LLaMa.CPP

Tokenize, Detokenize

Llama.cpp provides tokenization and detokenization APIs to convert between text and tokens. These operations are essential for:

  • Inspecting token counts (useful for cost estimation, token limits).
  • Debugging generation issues (e.g., understanding how input text is split into tokens).
  • Rebuilding text from tokens.

Tokenize

The tokenize method splits a given prompt into an array of tokens (integers), representing the internal model encoding.

Code

use Partitech\PhpMistral\Clients\LlamaCpp\LlamaCppClient;

$llamacppUrl = getenv('LLAMACPP_URL');
$llamacppApiKey = getenv('LLAMACPP_API_KEY');

$client = new LlamaCppClient(apiKey: $llamacppApiKey, url: $llamacppUrl);

try {
    $tokens = $client->tokenize(prompt: 'What are the ingredients that make up dijon mayonnaise?');
} catch (\Throwable $e) {
    echo $e->getMessage();
    exit(1);
}

print_r($tokens->getTokens());  // Array of token IDs
echo "count: " . $tokens->getTokens()->count() . PHP_EOL;  // Total number of tokens

Detokenize

The detokenize method reconstructs the original text (or close to it) from an array of tokens.

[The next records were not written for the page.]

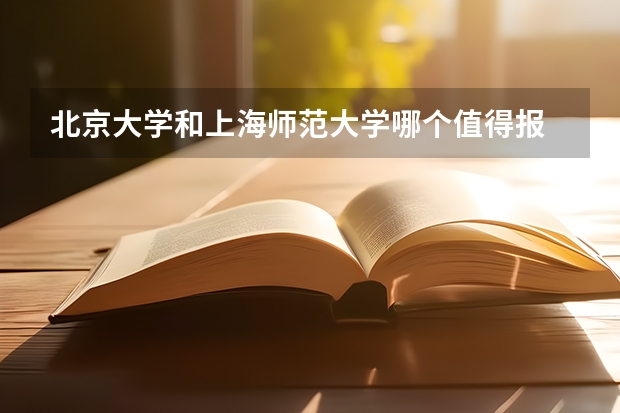 北京大学和上海师范大学哪个值得报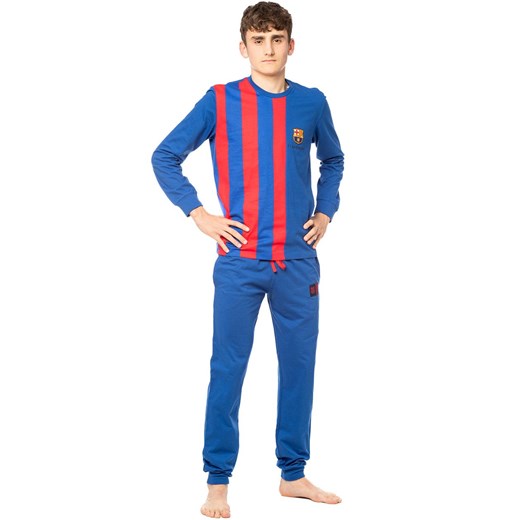 FC Barcelona bawełniana piżama męska 232012, Kolor niebieski, Rozmiar L, FC Barcelona ze sklepu Intymna w kategorii Piżamy męskie - zdjęcie 166499690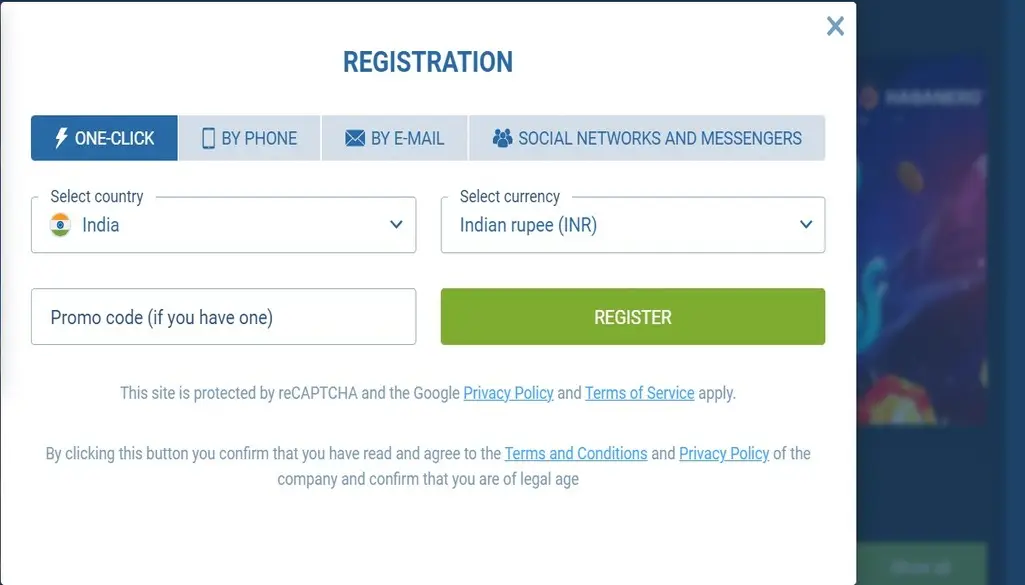 Register & Login Aviator Game at 1xBet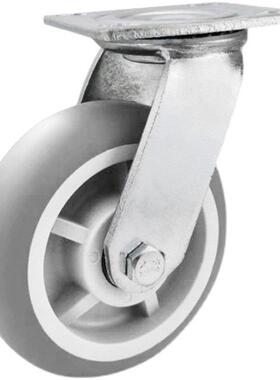 重型Tpr弧橡胶静音弹性轮5英寸脚轮6英寸万向轮8英寸耐磨万向小车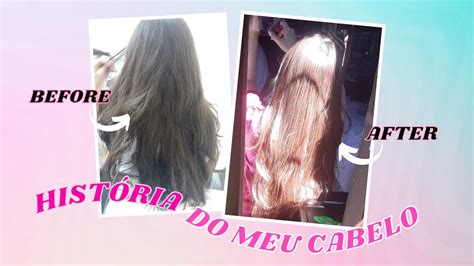 HISTÓRIA DO MEU CABELO JA FUI RUIVA COMO RECUPEREI MEU CABELO YouTube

This is useful for reversing tokenization or inspecting intermediate token sequences.

Code

use Partitech\PhpMistral\Clients\LlamaCpp\LlamaCppClient;

$llamacppUrl = getenv('LLAMACPP_URL');
$llamacppApiKey = getenv('LLAMACPP_API_KEY');

$client = new LlamaCppClient(apiKey: $llamacppApiKey, url: $llamacppUrl);

try {
    $result = $client->detokenize(tokens: $tokens->getTokens()->getArrayCopy());
} catch (\Throwable $e) {
    echo $e->getMessage();
    exit(1);
}

echo $result->getPrompt() . PHP_EOL;  // Reconstructed text

Example Flow

  1. Tokenize Input:
Prompt: What are the ingredients that make up dijon mayonnaise?
Tokens: [29871, 590, 278, 12058, 349, 366, 709, 8113, 14760, 837, 30]
Count: 11
  1. Detokenize Tokens:
Text: What are the ingredients that make up dijon mayonnaise?

Use Cases

  • Cost estimation: Check token counts before sending prompts to avoid exceeding token limits.
  • Model debugging: Understand how inputs are tokenized, which affects model behavior.
  • Text reconstruction: Rebuild readable text from generated or intermediate tokens.